From a SA capital market perspective, we continue to benefit from global equity market and consumer behaviour as fiscal stimulus and COVID-19 treatments aid consumer spending activities. The SA economy is also experiencing a recovery post lockdown which certainly assisted sentiment toward SA incorporated stocks as company management curbed costs causing higher than expected earnings results. Within the S&P 500, 79% of companies reported higher than expected earnings results.

During October the Rand weakened in the run-up to local municipal elections and as global and local bond yields spiked up in anticipation of the US FED speech in early November. The US FED announced a slowdown in US bond purchases and cooled market expectations by promising low interest rates until the US experiences stable employment and economic reform. This announcement calmed the bond markets, causing US and SA Bond yields to fall and the SA Rand to stabilise back to below the R15/USD level.

The SA municipal elections disappointed in the low voting participation numbers and leaves over 70 municipalities with a challenge to form coalitions between political parties. Add the current load shedding dilemma and we continue to raise a concern that the SA economy continues to score its own goals and we are more and more concerned that the governance of our country is depleting to a point where it is hard to see foreign investors finding value in SA capital markets. At the time of writing, we await the mid-term SA budget speech and although we expect no near-term surprises, our market needs more clarity and certainty on implementation of economic growth stimulus.  The JSE is staging a virtual 4-day investor information conference (Structural Reform and Catalyses for Growth) marketing investment opportunities to US investors next week.  This might be planned for after the mid-term budget.  We hope this will deliver some impetus for foreign inflows.

Our portfolios remain exposed to SA and global equities – within SA equities we remain more exposed to stocks that face the global consumer, energy, technology and commodity markets and remain cautiously exposed to stocks relying on a positive SA economic growth trajectory. Within our funds we have increased our SA long-dated bond exposure (by selling USD cash) after the municipal election results and Fed speech as the yields remain very attractive vs. cash and expected SA inflation rates. Within our global exposure we remain exposed to quality and value proxies but overweight the US/Developed markets relative to emerging markets demographically and quality over value as a style proxy. Valuations do look stretched in the US equity market, but the economic policy remains very supportive, especially relative to Emerging markets as the current China regulatory rhetoric, a slowing Chinese economy, and concerns in the China Property market (debt defaults) continue to cloud emerging market sentiment negatively. We do however think that if global inflation is transitory and the Chinese government deploys more market friendly actions, the investor sentiment could benefit higher yielding emerging market bonds and the attractive valuation argument of emerging market equities. If US and global infrastructure spend is accelerated in the short term, it could re-ignite interest in ‘producer’ stocks which are found primarily in emerging market countries. We will first wait for confirmation of this rhetoric before we aggressively position portfolios accordingly.

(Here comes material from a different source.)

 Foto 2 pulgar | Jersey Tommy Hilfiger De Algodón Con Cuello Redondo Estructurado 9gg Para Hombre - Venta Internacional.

In the short term we continue to be mindful of slowing global liquidity as key central banks tighten monetary policy and the global inflation risks. From a SA capital market perspective, a slowing Chinese economy and near-term SA economic recovery risks due to continued load shedding remain a concern.  We therefore continue to seek some negative correlated funds/asset classes to hedge our portfolios against potential near term risks. Taking a longer-term view, we continue to be optimistic that our portfolios will generate the required absolute return mandate especially in the light of ‘lower for longer’ global interest rates.


Roeloff Horne

Director and Head of Portfolio Management



The content of this article is for information purposes only and does not constitute an offer or invitation to any person. The opinions expressed are subject to change and are not to be interpreted as investment advice. You should consult an adviser who will be able to provide appropriate advice that is based on your specific needs and circumstances. The information and opinions contained herein have been compiled or arrived at from sources believed to be reliable and given in good faith, but no representation is made as to their accuracy, completeness or correctness.